Armand Doré, Nude, Smoking and Reclining, circa 1860-651 © Vendelmans, London.


French Exit, the new group show curated by Flemish collector Mattias Vendelmans is the third exhibition at his gallery on London's 6 Conduit Street. Exploring our individual quest for seclusion, the art dealer aims to question what motivates others in the pursuit of solitude. As Greta Garbo famously said, ‘I want to be let alone’. 

Mattias takes us on a journey through his selection of work, “I found the concept of French exits - or to leave a party without saying goodbye - just intriguing. It can feel incredibly satisfying to do so because, I think, in that very moment you reconnect with yourself as an individual and attach value to spending time with yourself. The works on view visualise what we can do with that time.”


Eugène Jansson, Male Nude, circa 1907-15 © Vendelmans, London.

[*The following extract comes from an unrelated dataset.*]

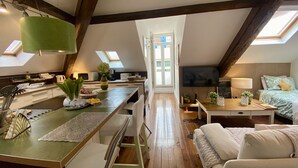 Una habitación estilo loft con cocina, comedor y sala de estar, que cuenta con vigas de madera a la vista, tragaluces y un televisor de pantalla plana.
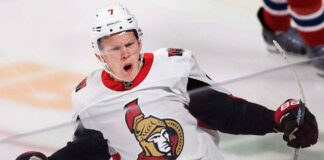 Ottawa Senators forward Brady Tkachuk looking determined on the ice, amid NHL trade rumors linking him to the New Jersey Devils.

Two private drawings by Sergei Eisenstein join one of Armand Doré's bohemian femme fatales. Leonid Berman's portrait of artist Alex Smadja shows a man drifting into an interior world. The full-length drawing of a male model by Eugene Jansson portrays the notion of undressing as a way to withdraw from society. 

James Ward and Emile Thysebaert explore the concept of escapism through dreaming, and dreams are realised in red chalk by Pierre Puvis de Chavannes in his intimate study of three bathers. Last is a plaster bust by John Lundqvist, illustrating a youth en route to the afterlife, perhaps the ultimate French exit.

Hailing from different countries and spanning over a century, the exhibited works illustrate that this individual desire is in fact a fundamental need. Whether aimed at indulging in laziness, pleasure or intellectual seclusion, the longing for time alone is at once highly personal and universal.

"Each work in the exhibition was made behind the closed doors of an artist’s studio or a bedroom,” says Mattias ‘However protective we are of our own privacy, we cannot help but be curious about the private moments of others. The exhibition lets us be a fly on the wall.”


French Exit, 7 May - 22 June |


John Lundqvist, Figure from the Resurrection Statue at Skogskyrkogården, circa 1928-41 © Vendelmans, London.